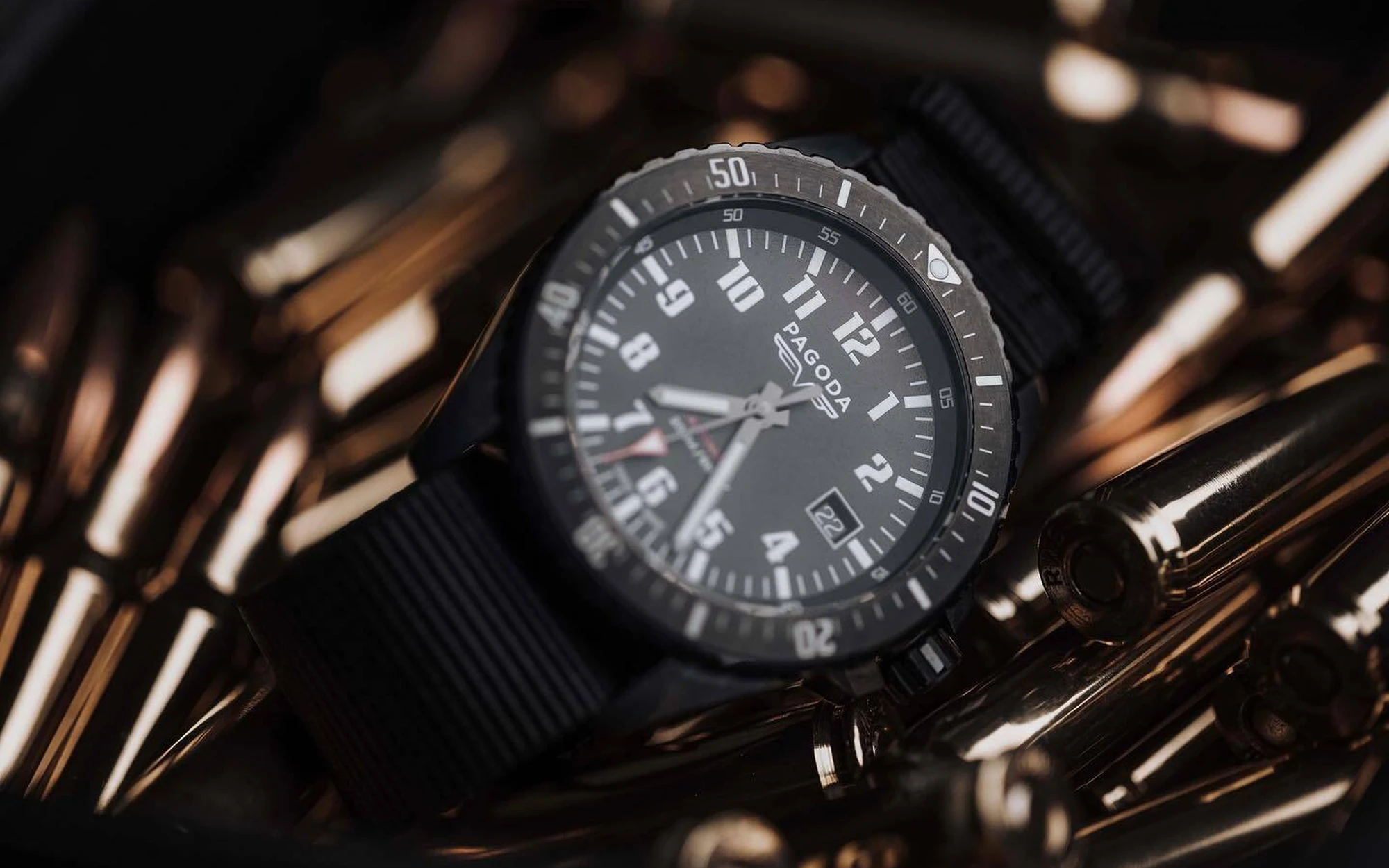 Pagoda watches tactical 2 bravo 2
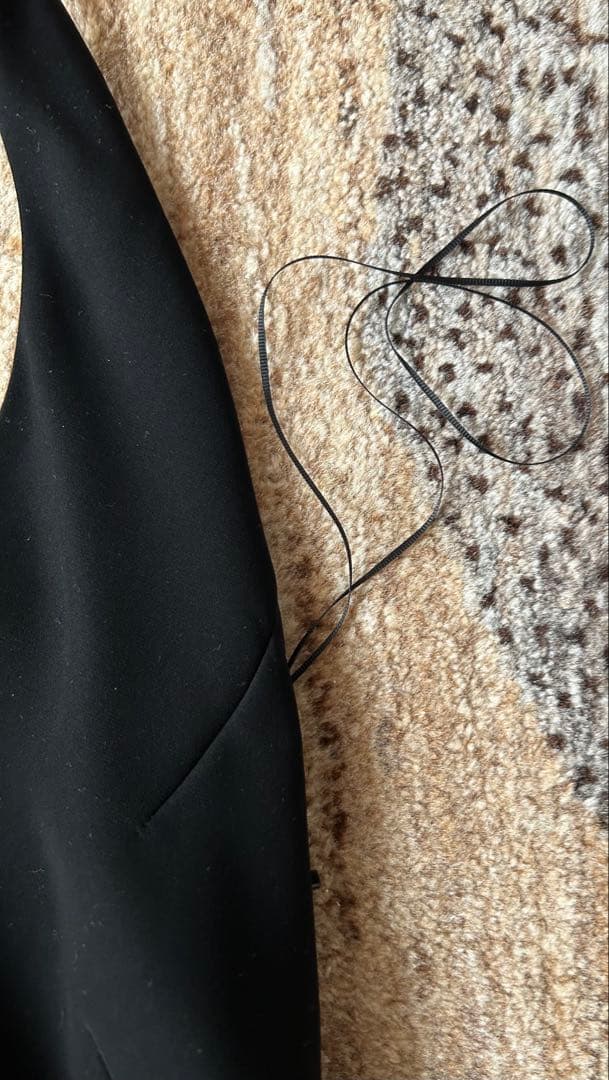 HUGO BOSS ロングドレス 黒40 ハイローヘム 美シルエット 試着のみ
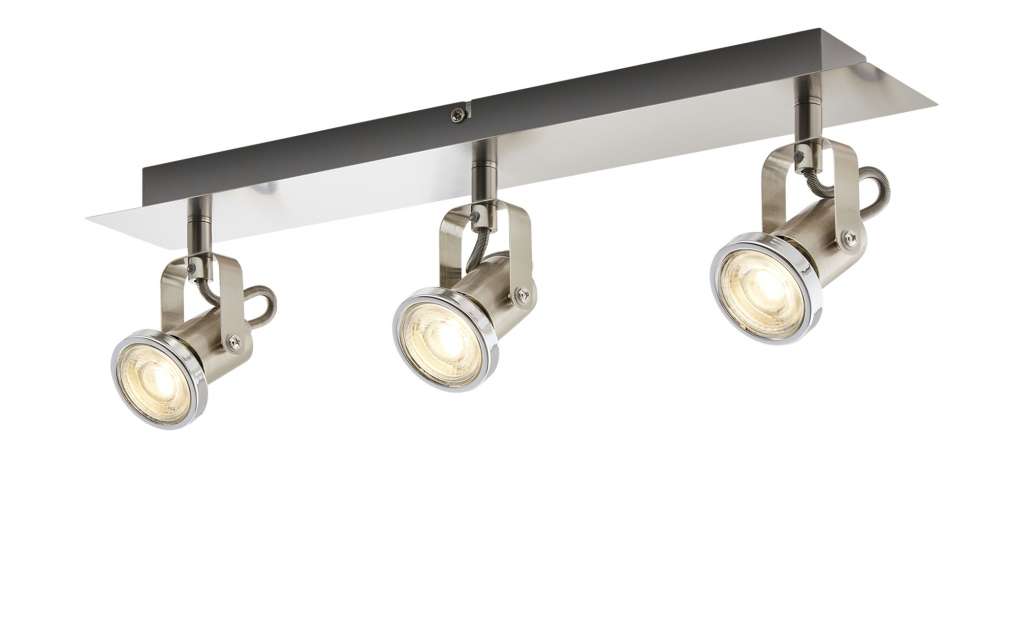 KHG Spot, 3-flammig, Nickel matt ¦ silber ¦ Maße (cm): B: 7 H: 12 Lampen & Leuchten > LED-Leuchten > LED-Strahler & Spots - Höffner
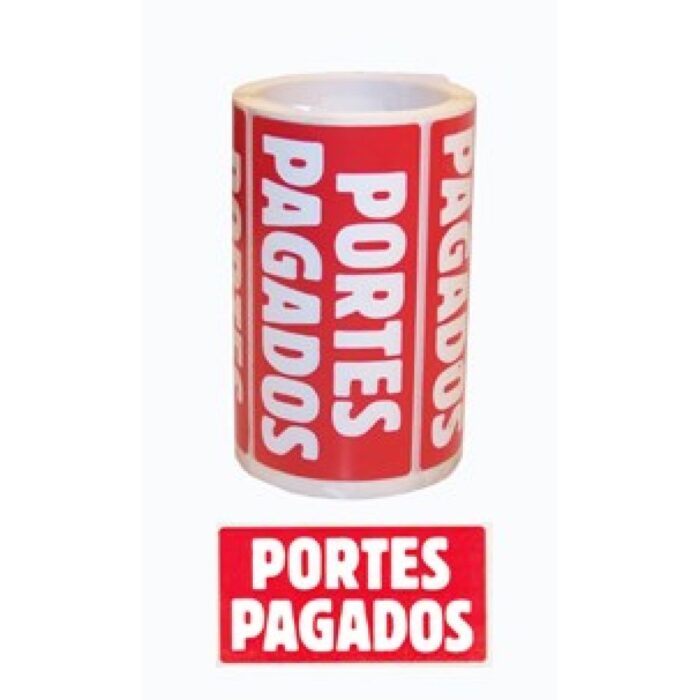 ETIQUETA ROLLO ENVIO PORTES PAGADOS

- How to complete this task
Output the material word for word, omitting its pictures.

- Answer box
 Pagoda watches tactical 2 bravo 2
 HUGO BOSS ロングドレス 黒40 ハイローヘム 美シルエット 試着のみ
 KHG Spot, 3-flammig, Nickel matt ¦ silber ¦ Maße (cm): B: 7 H: 12 Lampen & Leuchten > LED-Leuchten > LED-Strahler & Spots - Höffner
 ETIQUETA ROLLO ENVIO PORTES PAGADOS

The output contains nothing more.